Much has been written about how the social media has been instrumental in causing humanity to be obsessed with capturing events and moments in pictures and letting the whole world know what is going on in one’s life. It is almost laughable that anyone would be vaguely interested in what one is eating, where one is going, and what one is wearing, and yet, this lie is being believed and many are taking this, hook, line and sinker.
This obsession really does interrupt life as it should be lived and celebrated. Before one can fully enjoy the moment like a meal or a gathering, the ubiquitous phone is reached for and poses are struck, or some direction is given on how much light is needed to be cast on the plate, and how the shot should be perfectly framed. Whenever I am in such company, I keep silent and politely observe what is going on, and try to imagine the satisfaction that can come out of such an exercise. I have come to certain conclusions that it does stem from something in our DNA that makes us not want to forget or lose the sense of happiness or contentment that is before us, and the most charitable part of me becomes softened to say that at some level, we do hesitate to be fully immersed in almost anything in life, be they moments of joy and happiness, or sadness and sorrow.
In the event of the Transfiguration on Mount Tabor, we see a glimpse of this in Peter’s reaction to what was unfolding before him. We are told he wanted to pitch tents right there and then to, as it were, freeze or contain the moment in some way, rather than let the moment form and teach him. Peter’s reluctance to not master over the moment reveals that reluctance or inability in us to fully live out these poignant moments of our lives. Joyful moments are not fully immersed into and cause us to want to re-create them later in our older years when we may have had them before but were too busy trying to make the moment last. In a strange but similar way, aren’t many of us in a hurry to rush past the pains and sorrows of our lives, where we don’t take time enough to mourn the passings of our loved ones but are more interested to get back to ‘normal’ life? We only know this when later on in life, we realise that the vacuum or ache that throbs in our hearts are for mournings and deep weepings that we were too keen to have them forgotten with premature immediacy.
Scripturally, we see this difference in two groups of people who encounter Jesus in their daily living, in moments where God’s presence is breaking into this world in the actions of Jesus. Often, we are told by the evangelists that the crowds would be ‘amazed’ at what Jesus either had done or had said to them. This is contrasted with the way another group– which ‘pondered’. Fr Rolheiser makes this contrast clear in his book ‘Sacred Fire’ in what must be a great insight into the spiritual life, and in so doing, guides the reader who is sincere in wanting to make greater inroads into spiritual maturity.
Amazement is not a quality that shows a depth of spirit. One is amazed at a magician and his legerdemain skills. One can be amazed with another’s eloquence and sharp wit. One can easily be amazed at what tantalizes the tastebuds and be dazzled by the kaleidoscope of colours emitted from a Lazare-cut diamond. Amazement doesn’t necessarily cause us to enter into the morality of what is before us, because it works at the surface level. Amazement takes on the energy of the group that is around us, perhaps even where there is an energy of spontaneous emotion and we hardly act on it, but just let the frenzy breeze right through us. Crowds hardly think, though there is the oxymoron ‘crowd mentality’ that causes groups to act out of a blind energy.
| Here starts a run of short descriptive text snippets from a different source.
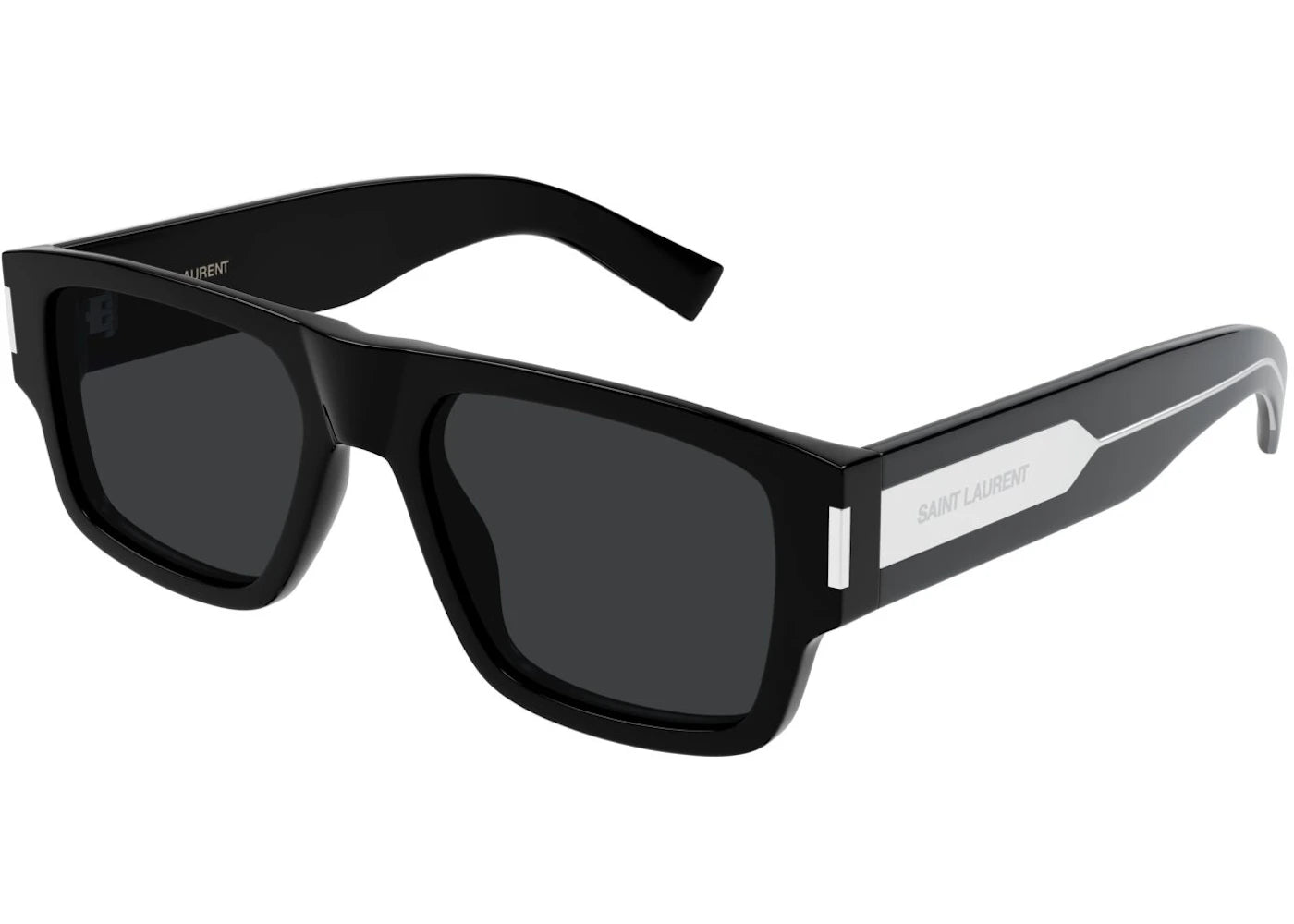 Saint Laurent Square Sunglasses Black/Black (SL-659-001)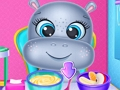 Παιχνίδι Οδοντιατρική Φροντίδα Baby Hippo  σε απευθείας σύνδεση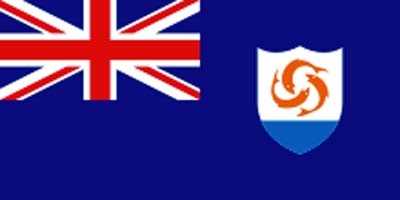 Anguilla Flagge 60x90 cm Sonderpreis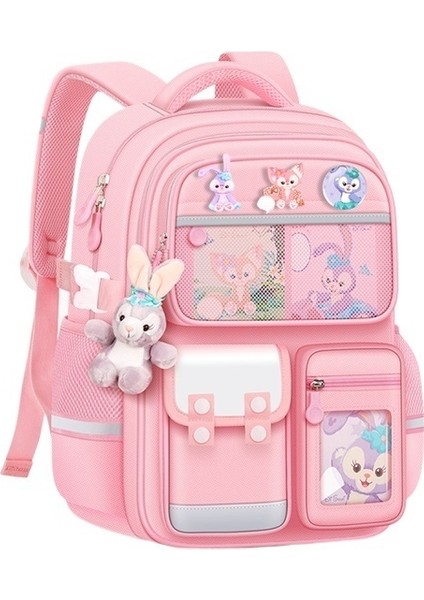 Ilkokul Erkek ve Kız Çocukları Üç Ila Altı Çocuk Erkek Çocukları Hafif Omurga Koruması ve Yükü Azaltan Okul Çantaları (Yurt Dışından)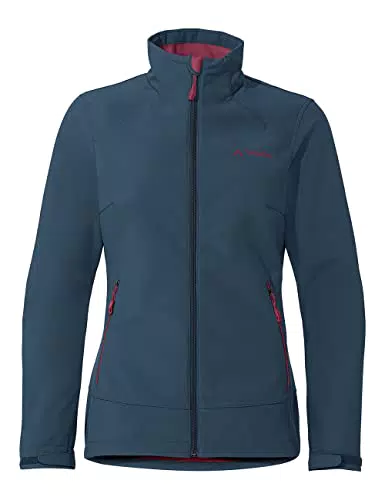 VAUDE Women's Cyclone Jacket VI, 42, dark sea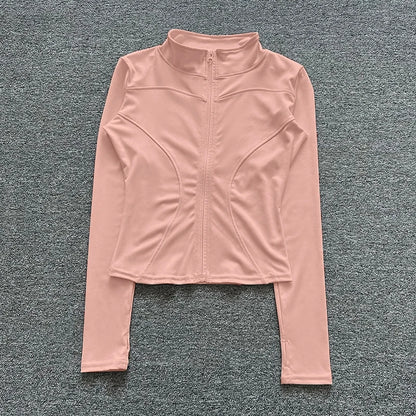Active & Chic – Women’s Long Sleeve Sports Jacket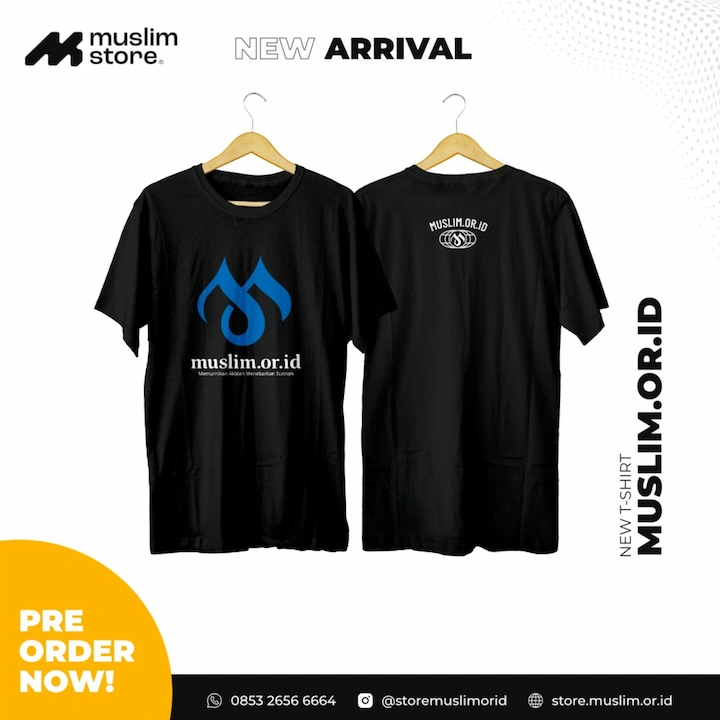 Kaos Official Muslim.or.id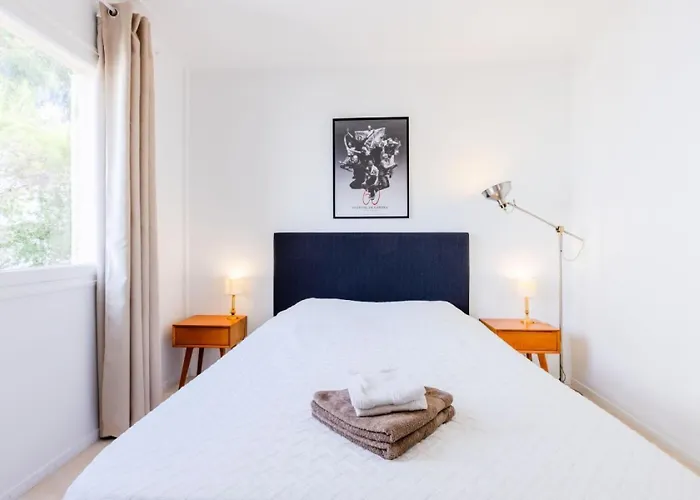 3p De Style Avec Balcon A 3 Min De La Croisette - 3p De Style Avec Balcon A 3 Min De La Croisette Mae-2013 Apartment Cannes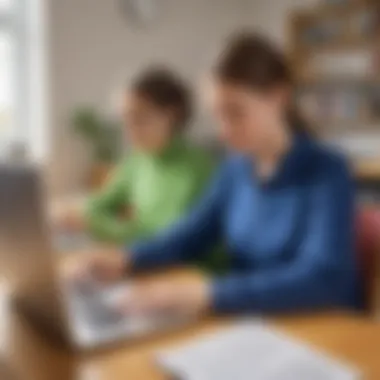 Tech-Driven Language Enrichment Enhancing Language Skills Through Technology
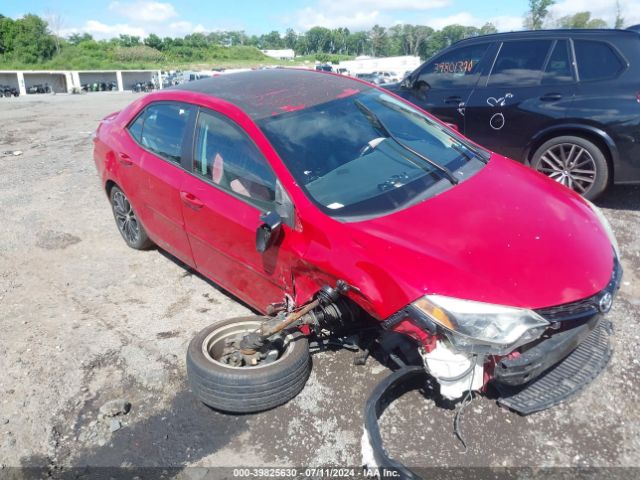2T1BURHE6GC500732 Toyota Corolla S Plus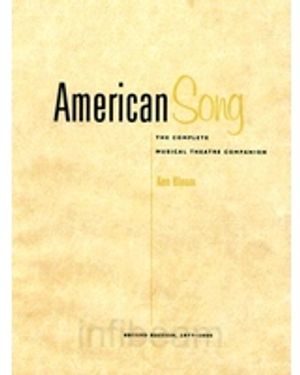 American Song: The Complete Musical Theater Companion, 1900-1984. Two volumes Cover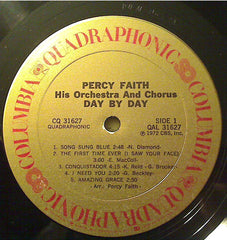 Percy Faith And His Orchestra And Chorus - Day By Day (Vinyl)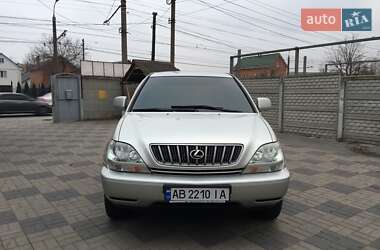 Внедорожник / Кроссовер Lexus RX 2003 в Виннице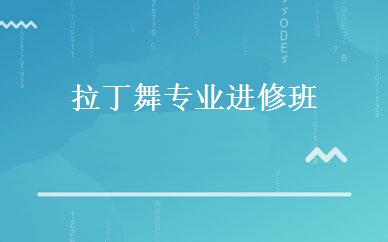 拉丁舞专业进修班 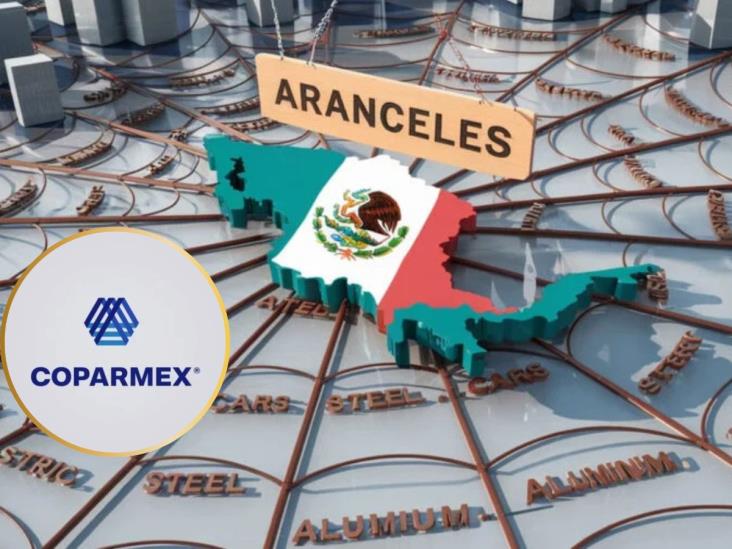 Imposición de aranceles pondrá a México en recesión: Coparmex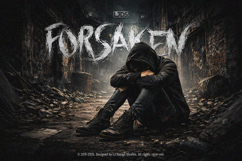 Forsaken font Product Image 1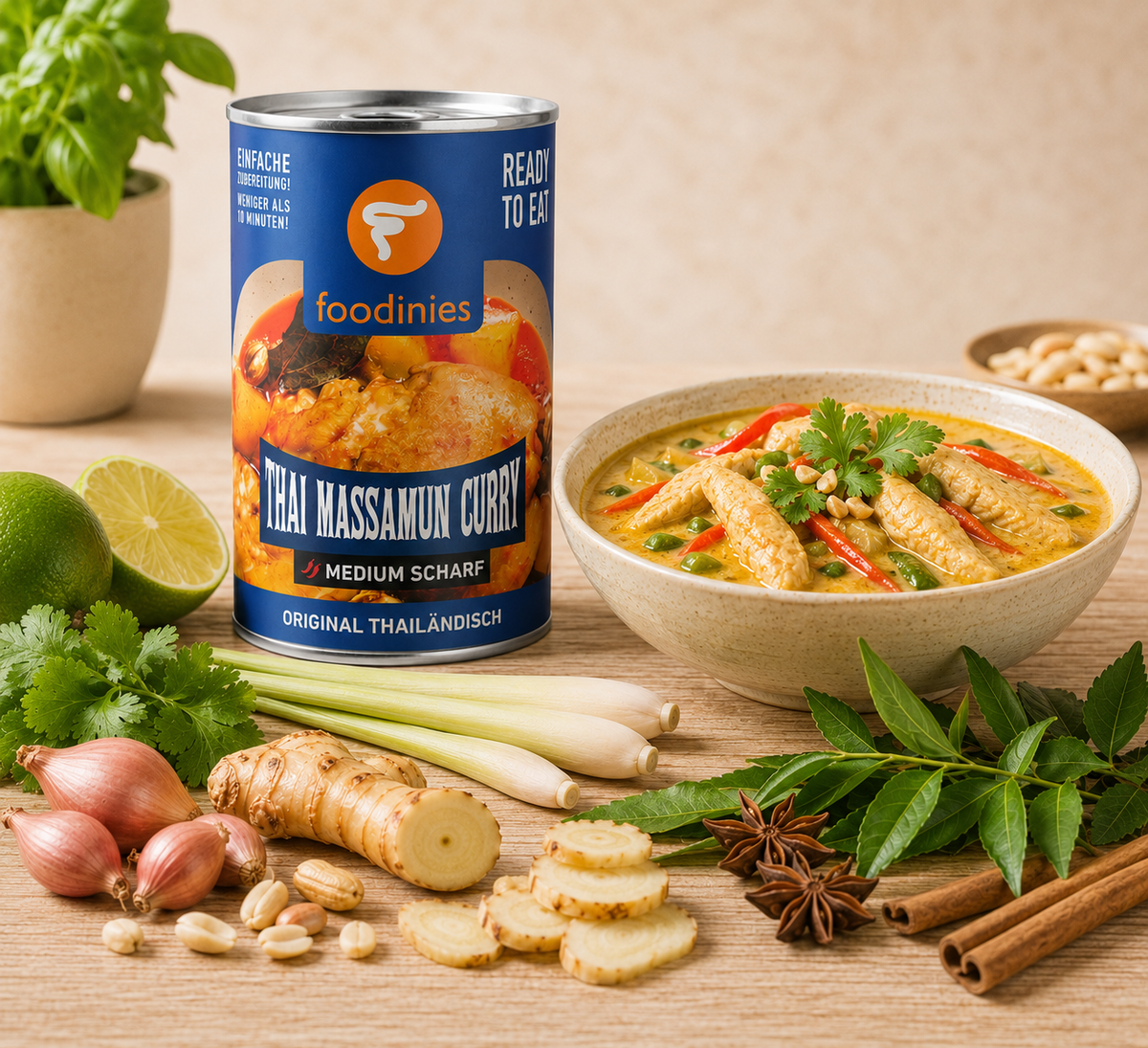 Foodinies Thai Curry Mega Mix – 32 Currys / 64 Portionen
The other group that doesn’t just get caught up in amazement but enters deeper into mystery is exemplified by Zechariah and Mary where no immediate answers are given, yet they are either cast into a necessary silence or voluntarily step into the mode of pondering. It deserves to be repeated over again that Mary’s position of standing under the cross of Jesus at his crucifixion is an image that is so pregnant with depth of pondering, where there are no screamings and rantings for answers, nor is there a need to run away and hope that it was only a nightmare and not real. A strong heart and a steely will to do the will of God was displayed by this seeming silent action of merely standing under the cross. It opens the heart to a virtue that is born of a patient waiting and allowing.
My encounters with many parishioners reveals that many of them are somewhat reluctant to willingly enter into a serious pondering of their lives. It takes a certain grace for one to want to go for a retreat where there are large opportunities to enter into a silent mode, so that one can meet the God of silence without distractions, to ponder deeper, and not just be entranced and distracted by what may amaze us momentarily. Just as Jesus revealed it to Peter after the resurrection that it is when he is older that he will have a belt put around him and take him to where he would rather not go, this is also an indication to those of us who seriously want to be disciples of Christ that it is to this silence that we need to enter willingly into if we are to reach any depth of spiritual maturity.
Otherwise, we may just end up merely taking spiritual snapshots and be contented to make biblical facebook postings of the life that we live. Indeed we may in fact be very reluctant to live each moment fully enough, and being present enough. Living like that may not give us much in terms of being able to live with stretched and expanded hearts.